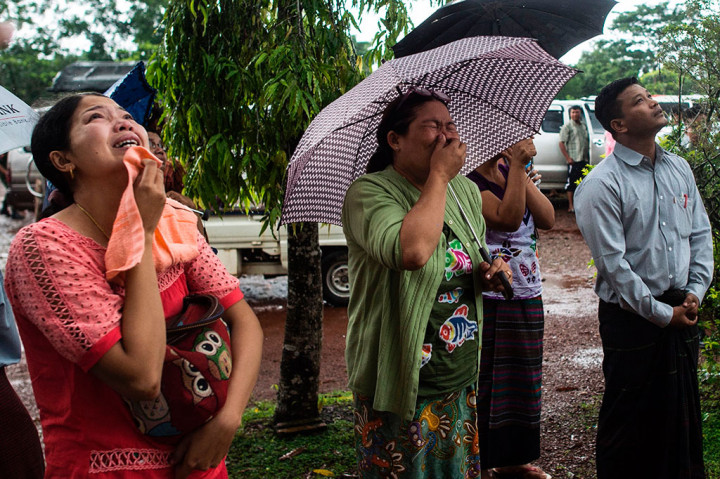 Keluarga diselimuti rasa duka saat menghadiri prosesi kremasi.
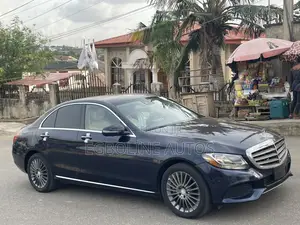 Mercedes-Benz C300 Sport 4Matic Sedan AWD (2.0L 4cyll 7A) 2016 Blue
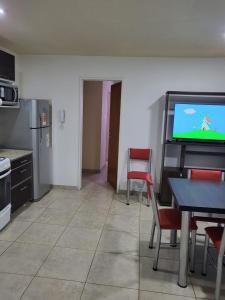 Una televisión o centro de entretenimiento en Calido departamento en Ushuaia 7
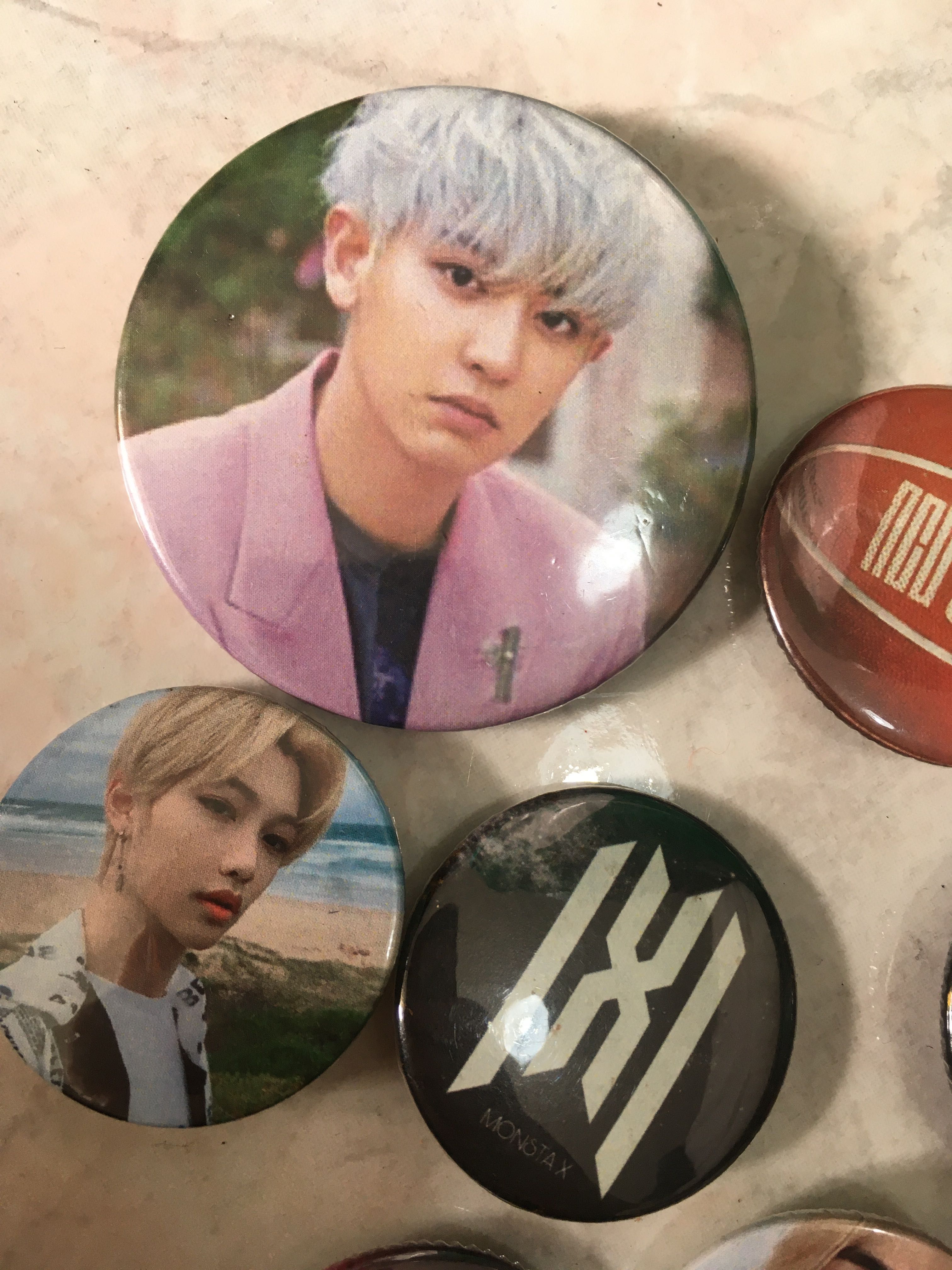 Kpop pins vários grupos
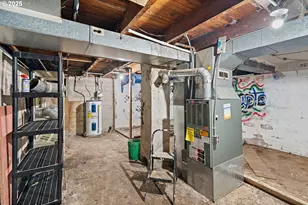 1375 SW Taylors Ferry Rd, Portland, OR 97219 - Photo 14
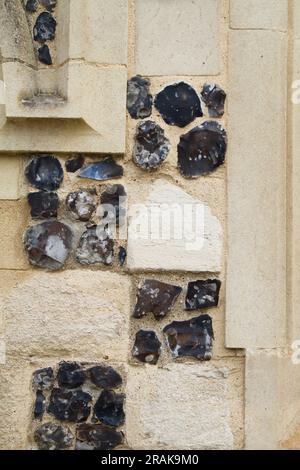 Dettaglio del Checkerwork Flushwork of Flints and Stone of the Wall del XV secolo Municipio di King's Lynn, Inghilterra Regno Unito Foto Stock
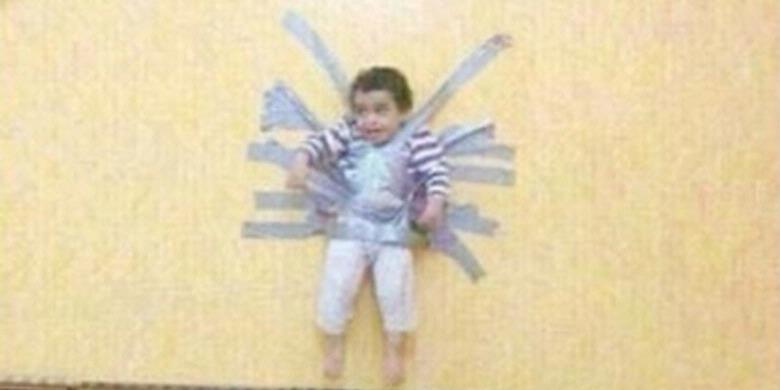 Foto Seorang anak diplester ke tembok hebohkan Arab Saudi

Task prompt
From first line to last, return the records verbatim without their pictures.

Written answer
 Keluarga diselimuti rasa duka saat menghadiri prosesi kremasi.
 Mercedes-Benz C300 Sport 4Matic Sedan AWD (2.0L 4cyll 7A) 2016 Blue
 Una televisión o centro de entretenimiento en Calido departamento en Ushuaia 7
 Kpop pins vários grupos
 1375 SW Taylors Ferry Rd, Portland, OR 97219 - Photo 14
 Dettaglio del Checkerwork Flushwork of Flints and Stone of the Wall del XV secolo Municipio di King's Lynn, Inghilterra Regno Unito Foto Stock
 Foto Seorang anak diplester ke tembok hebohkan Arab Saudi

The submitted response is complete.